Anaesthetic safety has come a long way. Unimaginable just a few decades ago. However much needs to be done in countries like our own, struggling to advance in the field of severe restriction in personnel and equipment.

Anaesthesiologists in Sri Lanka should be proud of the quality of their professional practice. For, they have made possible the successful delivery of operative services in situations never before possible and under extremely trying circumstances.

Human error remains, and will probably always be, the primary cause of accidents. This error may be focused on the performance of the individual, the team or the system. Its origin is likely to be multifactorial and complex to resolve. To this end greater emphasize should be made on the anonymous critical incident reporting study that was commenced in Sri Lanka in 1995 and the establishment of a quality of practice committee would be a useful step.
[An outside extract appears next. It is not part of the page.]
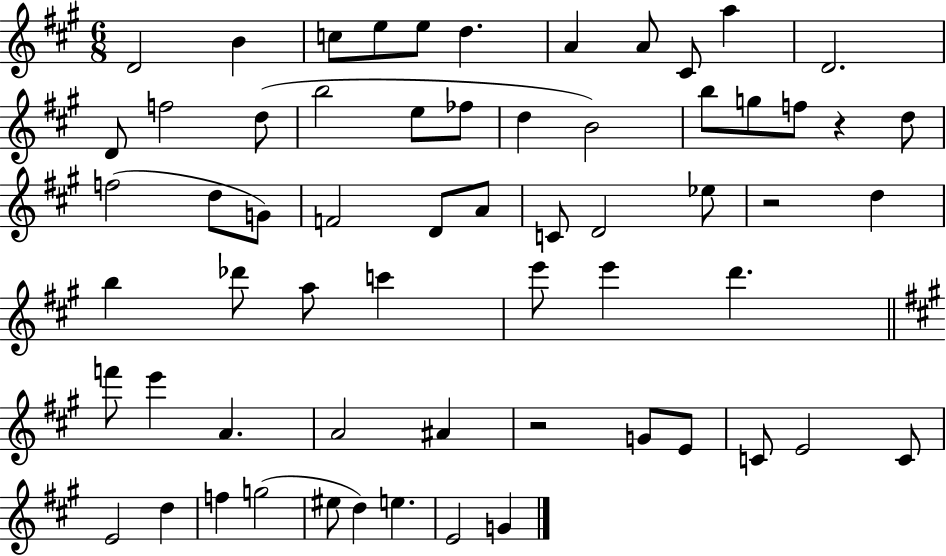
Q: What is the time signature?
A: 6/8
I quote George Bernard Shaw who said in 1913, "The greatest mistake in life is to be continually fearing you will make one and a life spent in making mistakes is not only more honourable, but more useful, than a life spent doing nothing."

Finally you would have observed my presentation today covered mainly on 'anaesthesiology in relation to control of pain'.

As a concluding comment I leave this thought with you.

The greatest feature which distinguishes man from beast is the man's ability to control pain. For it is this factor alone that makes him superior to any other being on this planet.